The Great Lie of Neuroscience

Tourette’s syndrome is considered a neurological disorder caused by a dysfunction of the basal ganglia and a disturbed dopamine balance. But what if that’s only half the story? What if Tourette’s is actually the result of years of repression—a rebellion of the brain against social constraints, taboos, and traumatic experiences?

Dopamine Modulators: Why We’re Changing the Sun Instead of Applying Sunscreen

Standard therapy for Tourette’s often consists of dopamine modulators – medications intended to influence dopamine levels. But dopamine is not an isolated molecule. It regulates motivation, movement, emotions, and cognition. Artificially manipulating it is like changing the intensity of the sun to treat a sunburn.

The Real Problem:

  • Dopamine modulators suppress symptoms, but not the cause.
  • They act like a sledgehammer on a complex system—with unpredictable side effects.

* The brain compensates. When we artificially increase or decrease dopamine, the system adapts—often for the worse.
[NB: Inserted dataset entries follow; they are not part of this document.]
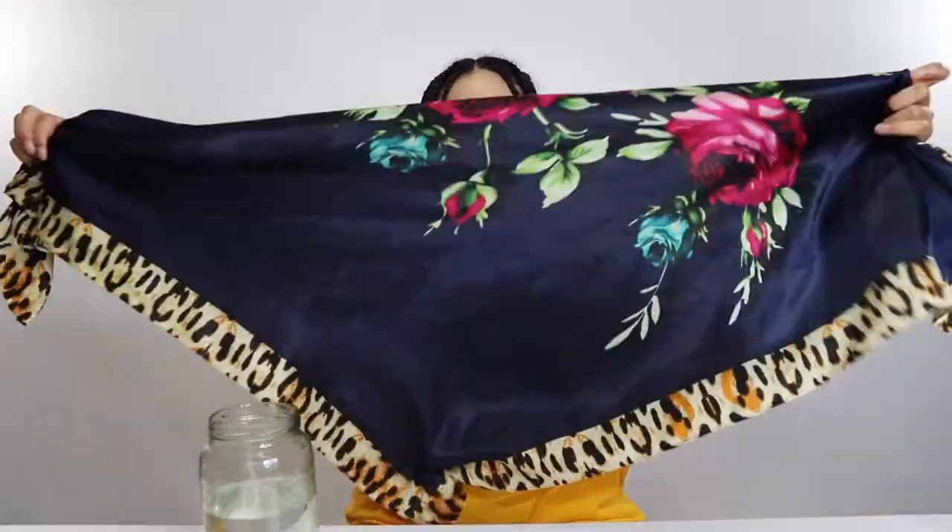My hair is about 50% dry, if not more. So at this point I'm going to put this hair scarf over my head to try to lay some of those flyaways down. I'm going to tie it pretty tight because I really want it to stay flat to my head. I'll be back to show you guys what it looks like when it's completely dry.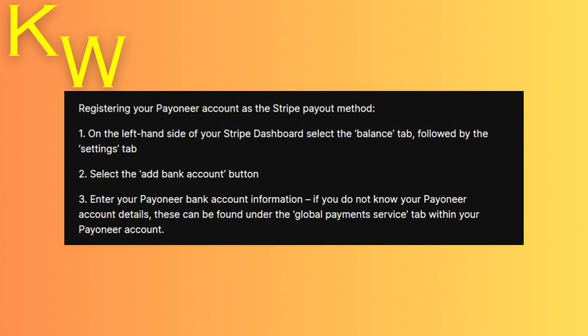Followed by the Settings tab, so click on that one. After that, you're going to select 'Add Bank Account' and then enter your Payoneer bank information, which you can find under the Global Payment Service tab inside your Payoneer account.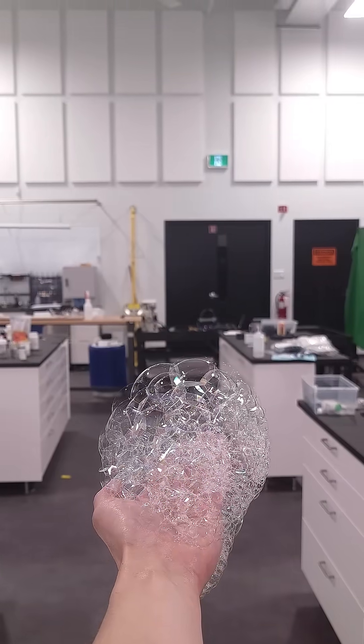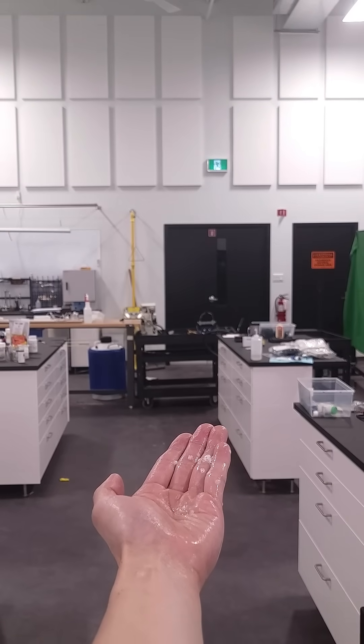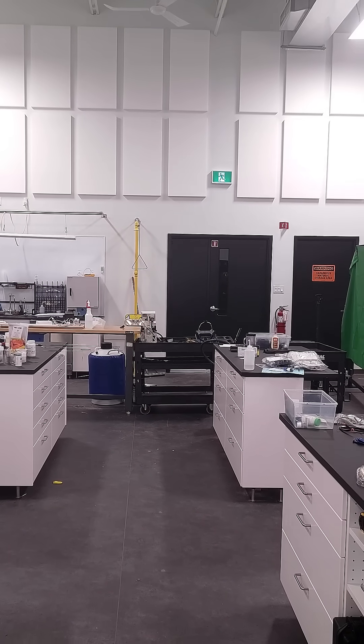A few weeks ago, I made some bubbles that I'd filled with hydrogen gas, and I thought it was pretty cool. Since then though, I've built up a bit of courage, and I think I'm ready to try with this.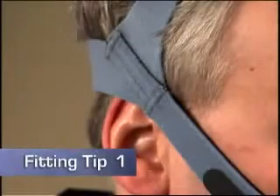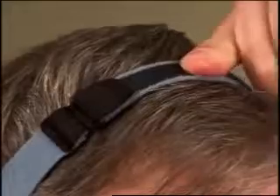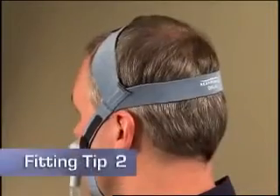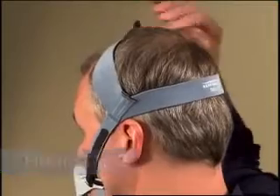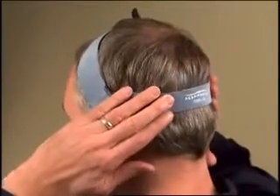If the side headgear straps rest on your ears, tighten the top headgear strap to move them up and away. If the back headgear strap is sliding up toward the top of your head, loosen the top strap and move the back strap down toward your neck.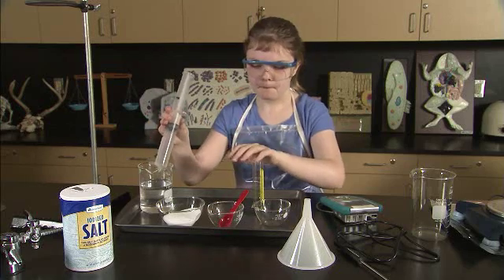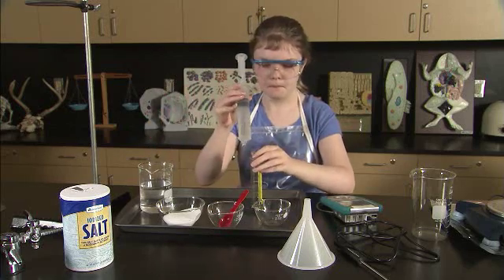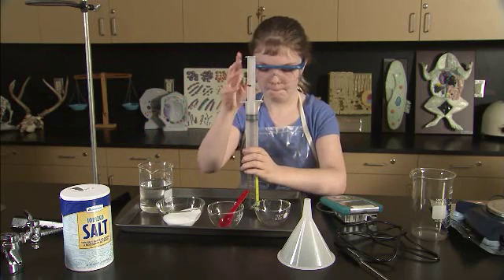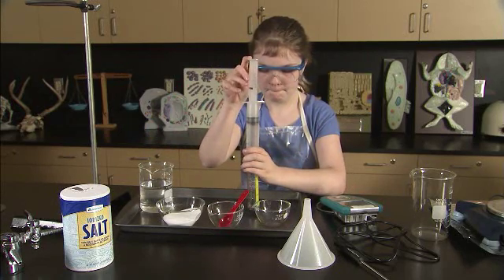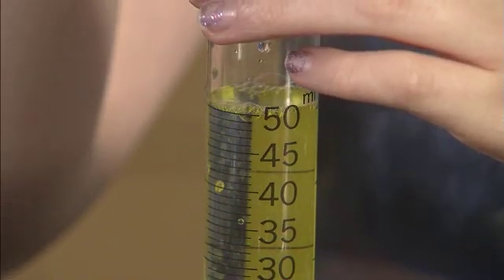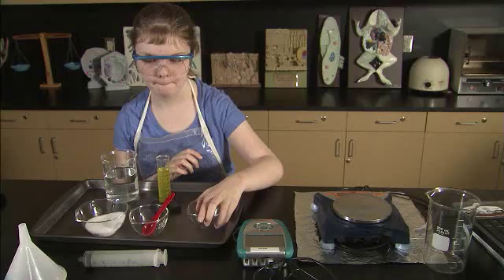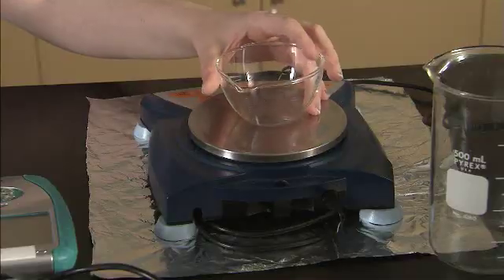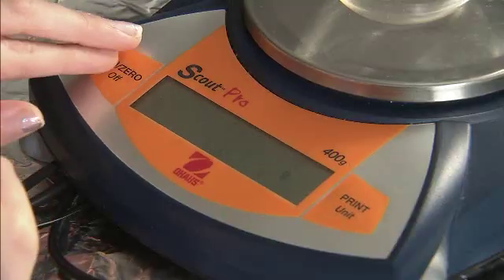Aaliyah first submerges the tip of the syringe into the full beaker and pulls the plunger back until it stops at exactly 50 milliliters. She then locates the empty beaker with one hand and places the syringe into it with the other. Finally, she empties the water into the beaker by pushing down on the syringe's plunger. The next step is to measure 5 grams of salt. An electronic balance connected to a computer running WindowEyes and Logger Pro allows Aaliyah to hear the mass announced in real time. First, she places an empty container on the balance and pushes the tare or zero button.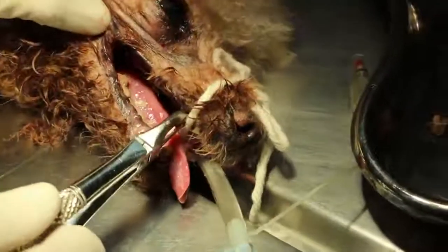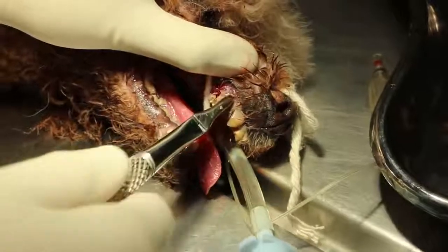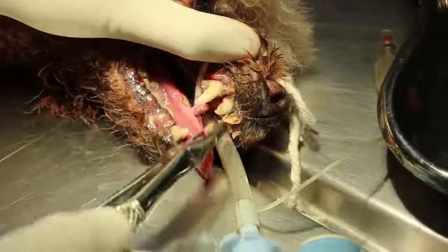Now we go to the canine. Take off the string, loosen the string. There's the canine. Canine seems to be okay.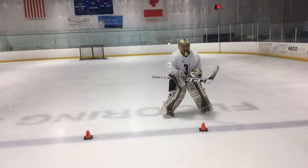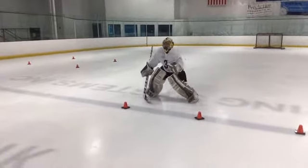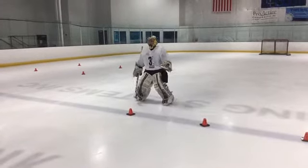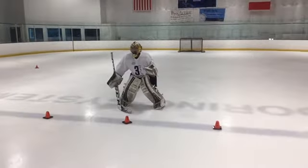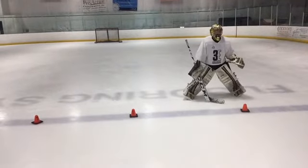He's going to start in his good stance. Notice he keeps his hands very still as he moves, and he keeps getting into his good stance, keeping his knees bent, ready to stop the puck. Because in the middle of those shuffles, if a shot did come, he could still go down into a good butterfly or good reactionary position.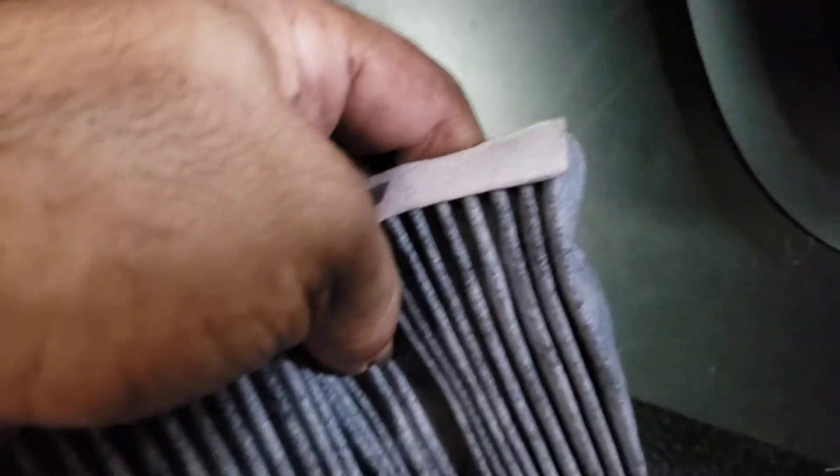As you can see, the arrow points to the front. Now remember something very important: when you try to put the filter back in you might have trouble, but you need to fold it, and once you fold it and get it in just a little bit, the whole thing will go right in with no issue whatsoever.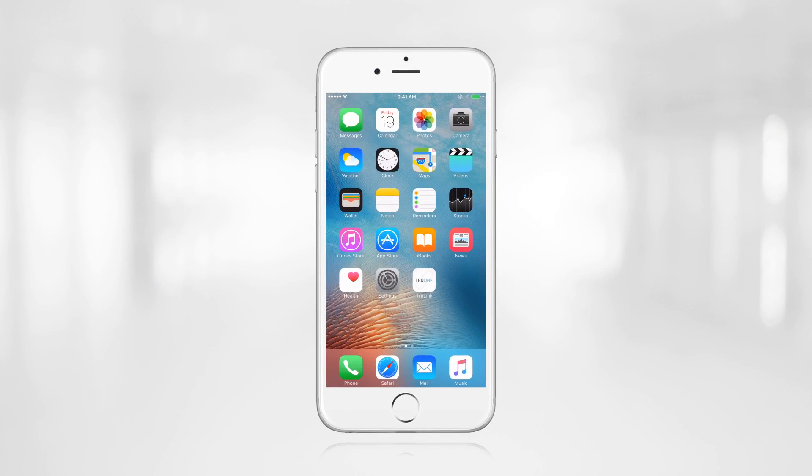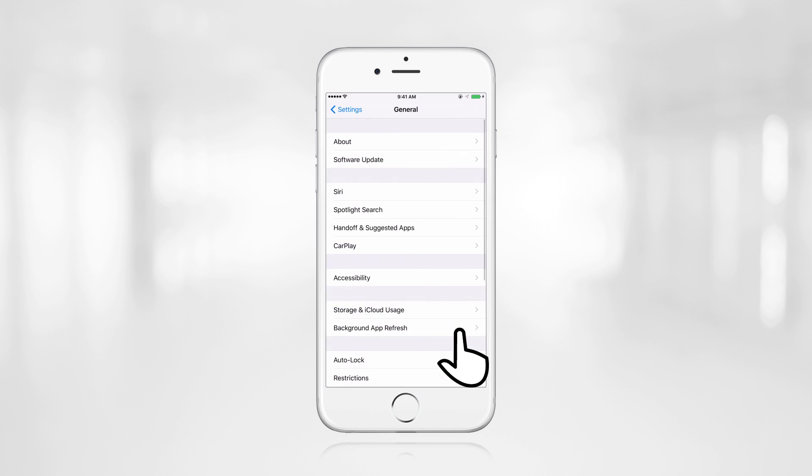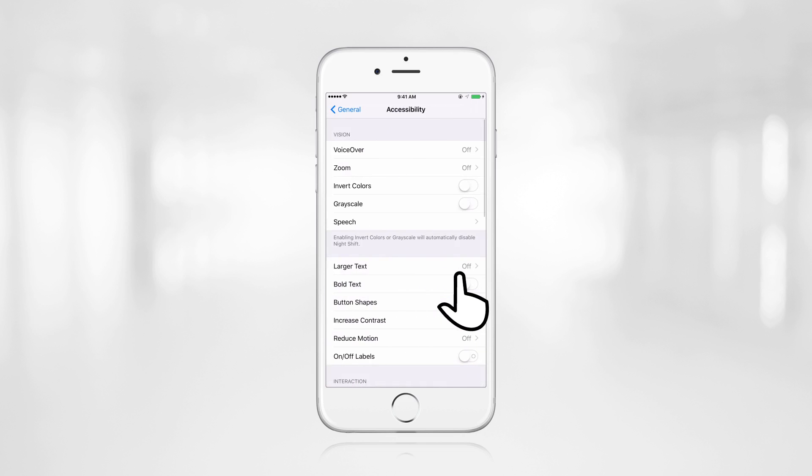To pair the Halo hearing aids to the patient's iPhone, click on the Settings app. Then find and click on the General tab. From here, select the Accessibility menu, scroll down, and select Hearing Aids.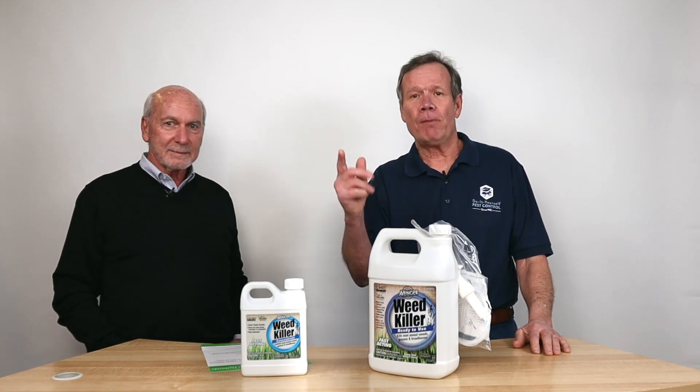Thanks for joining in today and hope you learned something. I certainly did. Thank you very much. Bye.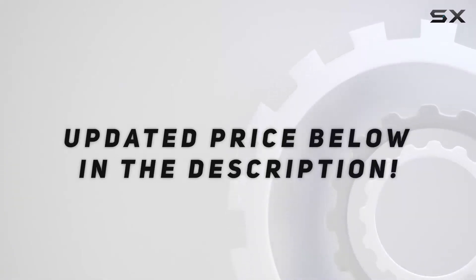Check out the video description for an updated price, and thank you for watching this video.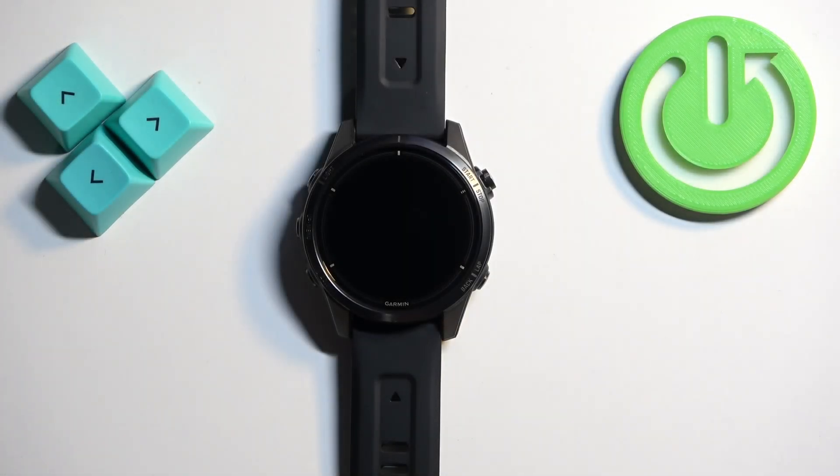Welcome! In front of me I have the Garmin Epix Pro Gen 2, and I'm going to show you how to install applications on this watch.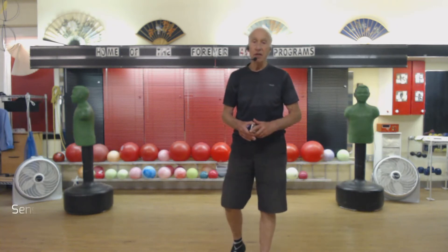Hello, Sensei Louie here. Beyond Self-Defense, home of the Forever 49 program. I am here for the rope skip drill, the working drill. You already had the explanation drill.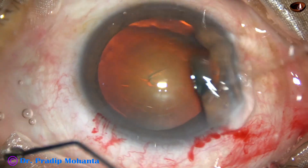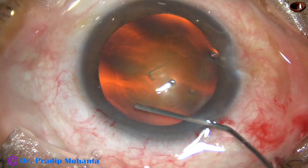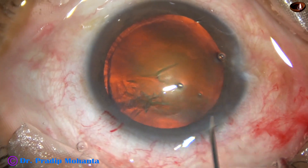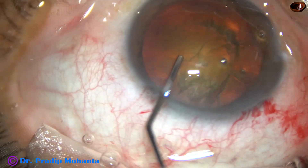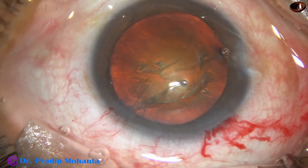Hydrodissection is now done. BSS is passed just under the anterior capsular rim. The fluid wave goes to the opposite side. Hydrodelineation is also attempted. The nucleus is elevated, mobilized, and rotated.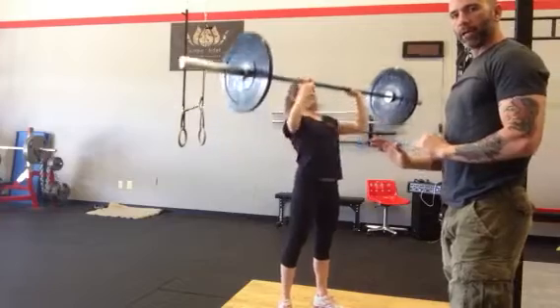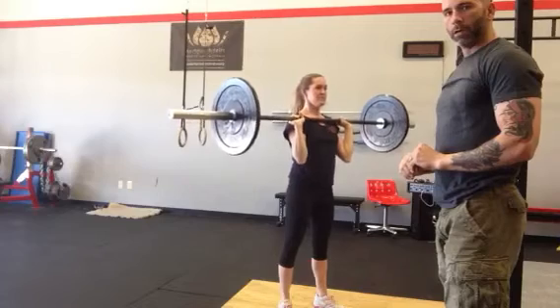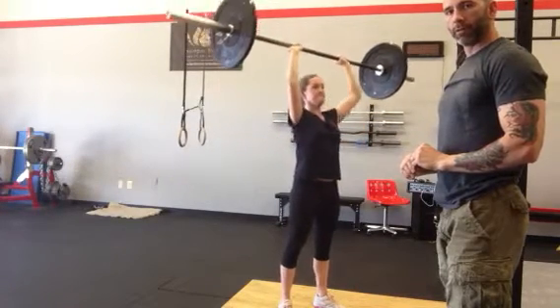Glutes are tight, abs are tight, nothing coming up from the bottom — it's all upper body. She holds her breath and punches her head straight through. Very good.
The alternative: The brain is a self-regulating system. What it needs is not chemical manipulation, but new experiences that allow it to restructure. When someone learns to express their repressed impulses in a safe environment, the brain forms new pathways. That’s the real „sunscreen“—local, specific, without systemic collapse.

Why don’t all people in restrictive environments develop Tourette’s?

The standard answer is: genetic predisposition. But that’s an excuse. Not everyone in restrictive environments develops Tourette’s—but those who do often have one thing in common: Their repression finds no other outlet.

  • Resilience is not a matter of chance. Some people learn to channel repression through humor, art, or social strategies.
  • Resilience is not a matter of chance. *Tourette syndrome is one of many possible forms of expression. In some, it leads to depression, in others to compulsions, and in still others to somatic pain.
  • The question is not why some people develop Tourette syndrome, but rather: Why our society is so intolerant of suppression that it must be pathologized.

Tics as Messages: What doesn’t return is healed.

If tics are messages, then they are healed as soon as they disappear—or at least no longer return in the same form. A tic that returns is a tic whose message was not heard.

Therapeutic Approach:

  • Tic Decoding: What would this tic say if it had a voice?
  • Safe Expression: Creating spaces where suppressed impulses can be expressed—without punishment.
  • Neuroplastic Remodeling: Through repetition, the brain learns that these impulses are not dangerous.

Neutering a Cat: Why We Label Tourette’s as an Illness

When we neuter a cat, we don’t have to confront what it means to be a cat—with aggression, sexuality, and territorial behavior. It’s the same with Tourette’s.

When we label it an „illness,“ we don’t have to ask:

  • What have we done to this person?
  • What taboos, what traumas have caused these tics?
  • Why is our society so incapable of dealing with „inappropriate“ impulses that they are only understood as a disorder?

The Consequence: We pathologize those affected instead of changing the circumstances that make these symptoms necessary in the first place.